Extends to Minorities
"The judgment is now the law, and we must obey it as Christians," spoke Bill Murray, evangelist, at the Prayer Rally in Pontotoc on August 3, 1997, as reported by the Northeast Mississippi Daily Journal. These are strange words from one who just last year helped champion the cause of Pontotoc Citizens For School Prayer. The cause was one in which disobedience of the law was cheerfully encouraged as the "Christian thing to do" by Murray as well as many of the local clergy.
I remain disturbed by the message many Christians are sending to the youth of Pontotoc County. In essence, those who have supported the School Prayer issue have told our youth to disobey the law if they disagree with it. Such examples, on the part of role-models, erode the morals of the persons they are intended to benefit. There are already enough folks who violate our civil laws without Christians encouraging one another in their disobedience. These who promote disobedience to the law are the same folks who, had they lived in Jesus' day, would likely have been disappointed that he did not seek to throw off the yoke of Roman oppression. The example set by Jesus along with his teachings merit a reevaluation by supporters of School Prayer.
Once all the legal fees have been paid, the supporters of the North Pontotoc School Prayer issue will have given in excess of a quarter million dollars. Such is a grievous waste of resources if you accept the claim by ACLU attorney, Danny Lampley, who, according to the Northeast Mississippi Daily Journal, said the Biggers' ruling was very similar to the offer the ACLU made before the case went to court.
I am amazed that while swallowing the bitter pill of defeat, many have sought to claim victory in their loss. Again, I would quote Murray, "We have won our case. Our children can pray in the schools." To which case is he referring? If he means the case heard by Judge Biggers concerning Herdahl vs. North Pontotoc Attendance Center, he should be informed that not only did Herdahl win that one, but every Christian in the United States also won.

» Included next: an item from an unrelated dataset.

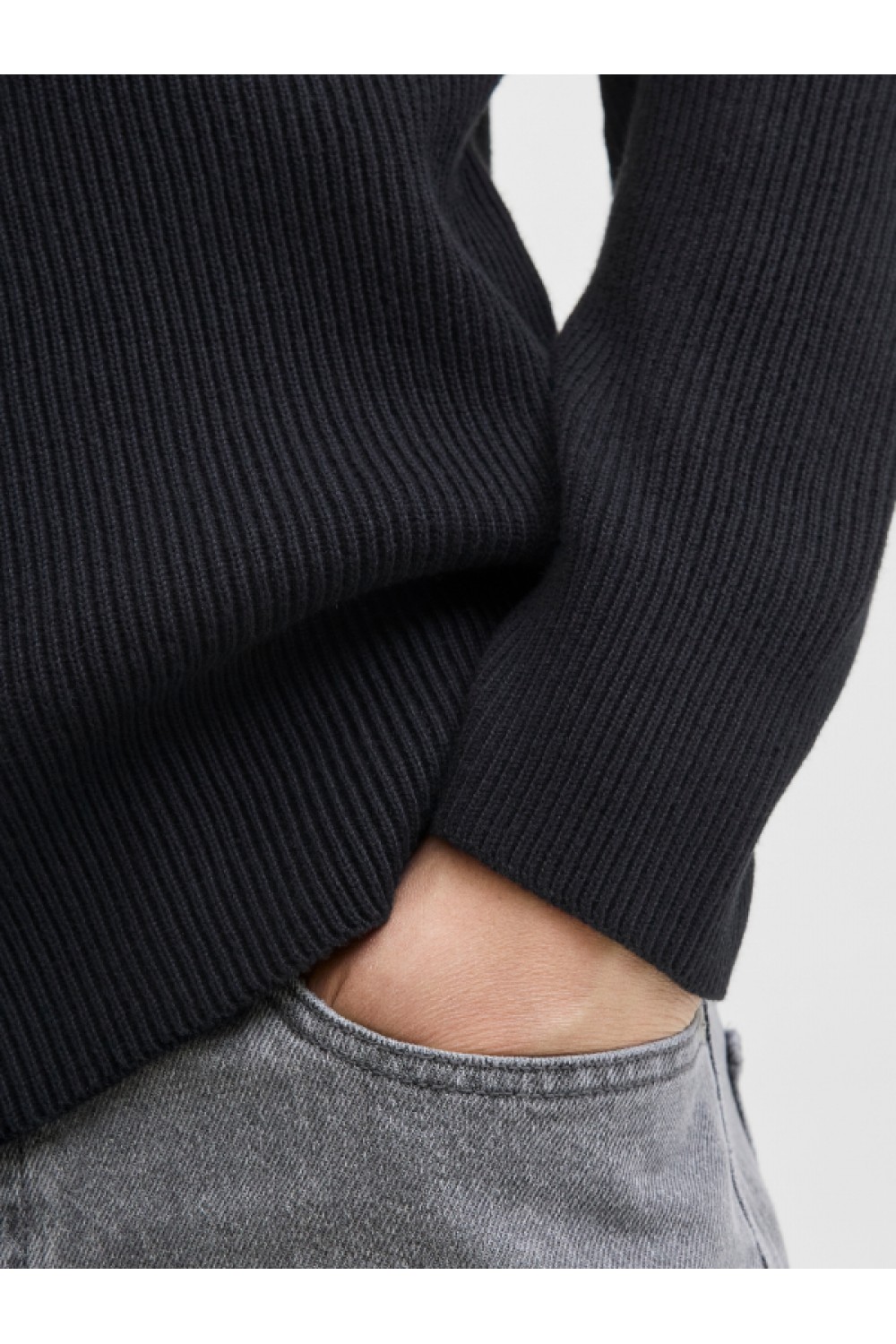 JACK & JONES EPERFECT KNIT ZIP CARDIGAN SN BLACK 12279409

Any ruling that favored North Pontotoc would have opened the doors of prayer from every religion to be heard by the students of North Pontotoc. Admittedly, there are not a great many different religions practiced in Pontotoc County, but there are more than most people realize. I have yet to meet any Pontotoc County Christian who wants their offspring listening to or participating in prayers offered to a non-Christian god.
It is time for citizens who, in the name of Religious Freedom, support School Prayer to admit that the only prayer they support is Christian prayer. If these citizens desire the School to be an extension of the Church, then theirs is the right to establish private, religious schools to propagate their belief. Otherwise, I encourage them to continue religious training in the two institutions sanctioned by God, the Home and the Church. Sadly, the average Christian is unwilling to share his faith with others and expects the Church (and for some the School) to take up his slack.
As to Murray's statement "Our children can pray in the schools," I challenge him or any other person to submit proof that the case has ever been otherwise. Prayer will always be a communication between God and an individual. Are we to believe that silent prayer was once usurped by a court that found for his own mother's lawsuit? Given the amount of time Jesus committed to personal prayer and His emphasis upon prayers being expressed from the heart rather than to be seen of men, I am led to question the true motives of some supporters of School Prayer.
Concerning political spokespersons at the recent gathering, the Northeast Mississippi Daily Journal credits Congressman Roger Wicker with the following. "In Pontotoc, 99% of the community wanted school prayer, and yet a heckler or two were allowed to veto the will of the vast majority."
If the quote is correct, then this is a good example of a politician distorting the truth. Really now, 99%? That implies 99% of the residents are Christian. Even if his figure were accurate, you could not even get 99% of the Christians to agree on a definition of school prayer, especially with Baptists forming the majority in Pontotoc County.
I am more than a little surprised that a politician would be supportive of civil disobedience, as exemplified by North Pontotoc School authorities prior to the Herdahl suit. However, I do admire the political skill of Congressman Wicker in the use of the word heckler rather than minority. Ms. Herdahl represented a minority, not a heckler, but the congressman is smart enough to know Pontotoc County, along with the rest of his congressional district, has enough minority groups that he might lose some support if he spoke the wrong word.
The congressman's statement that one or two were allowed to veto the will of the vast majority, should suffice as grounds to question his legislative qualifications. Veto is a legislative option largely reserved for the chief executive to help control rash political action by the legislature. Ms. Herdahl could not and did not veto the will of any group, rather she sought recourse to right a wrong using the very legal system that the congressman has sworn to uphold in both his law practice and his congressional service.
I am neither a lawyer, nor a student of constitutional law, but I must ask, when has our nation empowered the "vast majority," with the mandate to trample upon the rights of the minority, however small the minority may be? I understand the principle of majority rule as well as the next citizen, yet I have not lost sight of the fact that unrestrained majority rule is nothing less than tyranny by the majority. Individuals bent on waving the banner of majority rule, should remember an adage of American jurisprudence, "The rights of one individual end where those of another begin." Whenever this nation ceases to respect the rights of minorities, then we will no longer be a democracy.